• O
conto exemplifica a eterna luta entre o Bem e o Mal. A aia, a rainha e a
população do reino, por exemplo, representam o Bem: a aia é leal, sente ternura
pelo príncipe e comporta-se de forma admirável; a rainha tem amor pelo
escravozinho, sente-se “desventurosa” por o reino estar em perigo e “ditosa”

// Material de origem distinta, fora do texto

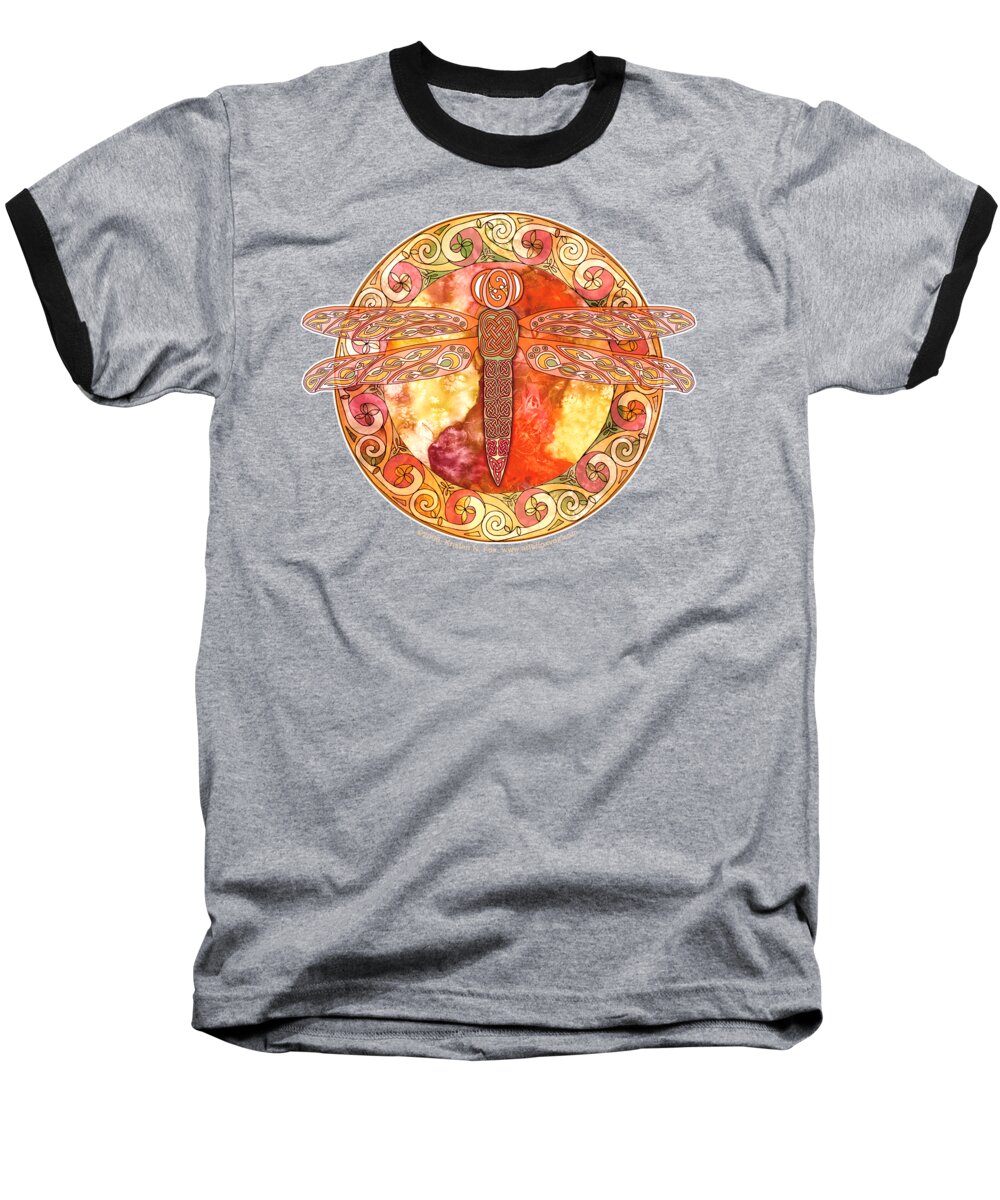 Artoffoxvox Baseball T-Shirt featuring the mixed media Warm Celtic Dragonfly by Kristen Fox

pela salvação do filho; o reino tinha “casais e aldeias felizes” e a população
era “fiel” e recompensava quem praticava boas ações. Por seu turno, o bastardo
e a sua «horda» representam o Mal: o irmão do rei é caracterizado como
“bastardo cruel”, “homem depravado e bravio”, “um homem de rapina”, que, com a
sua horda, executa a matança.
•
Por outro lado, Eça pretendeu criticar a sociedade do seu tempo, o século XIX,
nomeadamente a escravidão e a inferioridade do negro. Apesar de o herói ser uma
mulher, escrava e negra, essa ascensão da aia só vem acentuar as diferenças
sociais.
•
Eça tem em mira o pensamento dogmático e conservador que estipula a soberania
do rei sobre o súbdito, do nobre sobre o plebeu, do rico sobre o pobre; em
suma, do senhor sobre o servo que, ao reconhecer essa suposta soberania, é
impelido ao sacrifício extremo.
•
Alegoricamente, o tio representa as fissuras da ordem colonialista. Deste modo,
Portugal, na sua dimensão intercontinental, apresenta-se como serva possuidora
de um filho de pele escura que é capaz de sacrificar em defesa do “status quo”,
particularmente das suas relações com a Inglaterra.
• O
conto condena a ambição desmesurada e exalta a fé, a lealdade e a fidelidade,
socorrendo-se de um tempo passado, longínquo, mas que porta consigo uma certa
autenticidade, na esteira das narrativas tradicionais, como a fábula e a lenda,
que são portadoras de uma verdade que ratifica valores coletivos. Ao retomar
essa tradição narrativa de base oral, Eça, através da figura da aia, apresenta
ao leitor valores como a lealdade, a fidelidade e a fé. Disseminados pelo poder
e, uma vez assimilados pelos dominados, esses valores perpetuam a dominação.
• Publicado
em 1893, o conto surge pouco depois do Ultimatum inglês, que colocou
Portugal numa situação de submissão e humilhação face à Inglaterra,
nomeadamente no que diz respeito à posse das colónias africanas de Chire e das
regiões habitadas pelos Macalocos e os Machonas, sob a ameaça de rompimento
diplomático (que implicaria perdas económicas incalculáveis) e a invasão da
esquadra britânica em Gibraltar. Assim, Portugal passaria da condição de
poderoso colonizador com posição de destaque no cenário europeu desde o século
XVI, à posição de nação serva e subjugada ao poderio inglês. Tal episódio
representa a decadência gradativa do país. O facto de a ação se localizar na
Índia, território que Portugal sempre quis atingir, remete para o poderio do
império marítimo português, que teve como uma das suas principais conquistas a
rota para as Índias em 1492, e tal poderio sucumbia às mãos das imposições
inglesas. Assim, Eça pretenderia, com este conto, abordar simbolicamente a
situação histórica vivida pro Portugal naquela época.
•
Numa leitura alegórica, a morte do rei – além de ecoar, por similitude – o
desaparecimento de D. Sebastião – parece aludir à perda dos ideais
colonialistas nostalgicamente evocados através da referência à longínqua Índia,
com todos os seus tesouros: “pedrarias, galas e céus sumptuosos”.